なぜ、偲央をこれほどまでに凄惨な方法で、殺害する必要があったのでしょうか?
加えて、この犯行を行った人物は誰か?
その時、桓騎はどのような対応をしていたのか?
今回は砂鬼一家の先代リーダー、偲央の生涯と最期について詳しく解説していきます。
偲央の死因と死亡するまでの経緯
冒頭で紹介した通り、第729話「美しい子」で偲央が登場します。
その話では、偲央(しお)がまだ砂鬼一家として名を馳せる前に、桓騎を保護した経緯が描かれています。

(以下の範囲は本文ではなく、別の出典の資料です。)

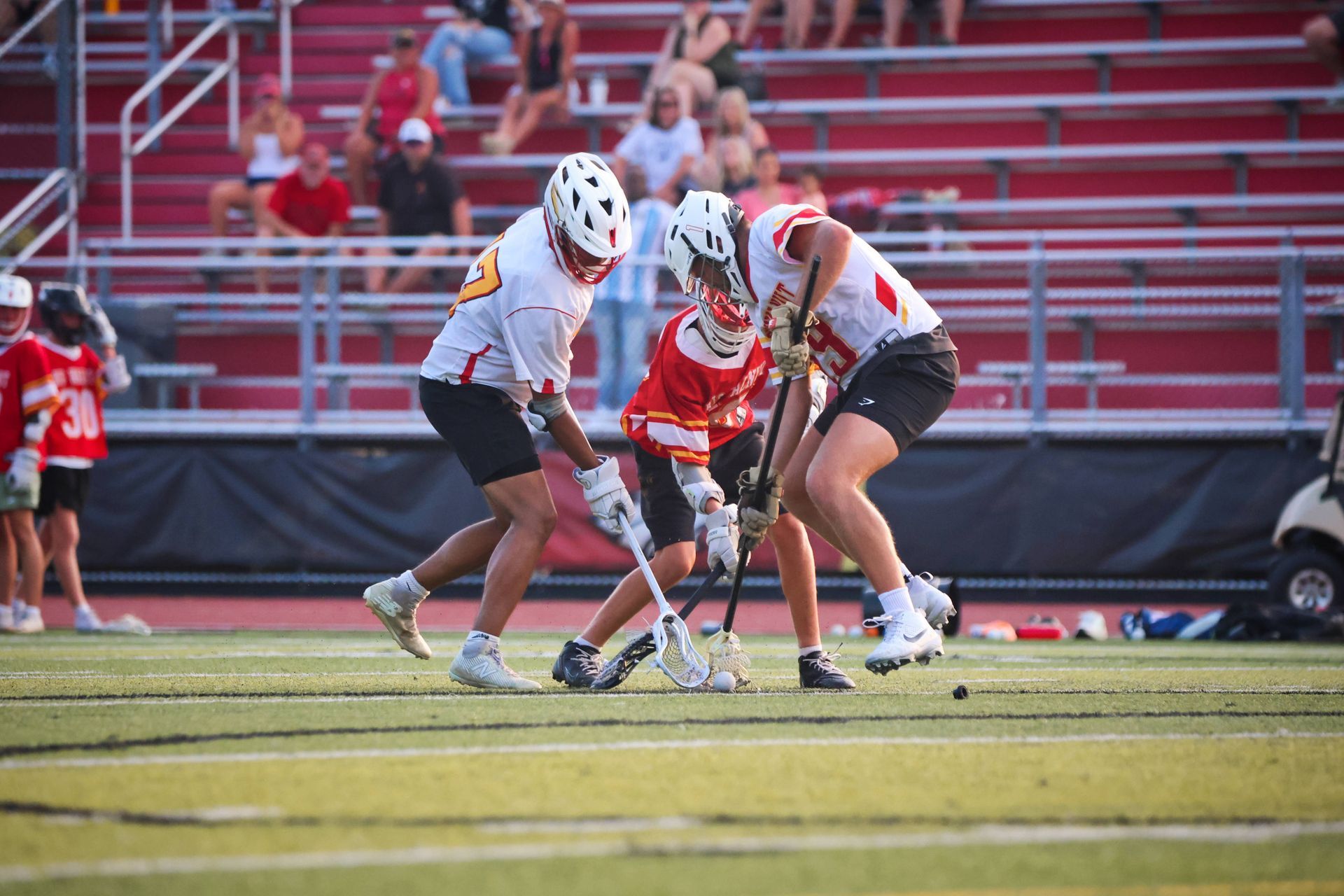 Three lacrosse players in white and red uniforms battle for the ball on a field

激しい雨が降る山道で倒れていた桓騎の、異常に美しい顔に心打たれ、偲央は彼を見捨てることができませんでした。
砂鬼一家は、もともと子供だけで構成された盗賊団です。
偲央は「より弱い者を守る」という理念のもとに、この集団を組織しています。
桓騎が狼甫家を代わりに襲撃
しかし、彼らもまた、狼甫家に上納金を支払わないと、容赦なく犠牲にされてしまう立場にありました。
偲央は、狼甫家に対して抵抗できずにいましたが、桓騎はその場で狼甫家の5人を襲撃し、見せしめにします。
桓騎は偲央が抵抗せずに我慢する姿を見て、代わりに行動に出たのです。
偲央が仕返しを恐れる中、桓騎は、
「お前らがおかしい。当たり前になっているだろうが、奪われること自体がおかしいんだ」
と激しく語ります。
聖地を捨て砂鬼と名乗る
その後、狼甫家の嫌がらせは絶えず、偲央はついに自分たちの聖地を捨てる決断をします。
この出来事を境に、偲央たちには「人間ではない」という噂が立つように。
そこから偲央は「砂鬼」と名乗り、新たな生き方を選ぶのです。
偲央がどのような経緯で最後を迎えるのか、以下で詳しく説明します。
襲撃され誘拐されてしまう
第750話では、偲央の「死亡」が明らかにされます。
偲央が桓騎の女であると知られたため、桓騎の不在を狙って砂鬼一家が襲撃されます。
その際、偲央はさらわれてしまうのです。
遺体はすべての手足が無かった
偲央はその美貌で知られていましたが、その遺体は手足をすべて切り落とされたという、非常に悲惨な状態で描かれています。
これを目にするのは、非常に辛い体験です。
恐らく、桓騎を憎んだ者が偲央を殺害したと思われますが、なぜこれほどまでに残酷な方法を選んだのか疑問が残ります。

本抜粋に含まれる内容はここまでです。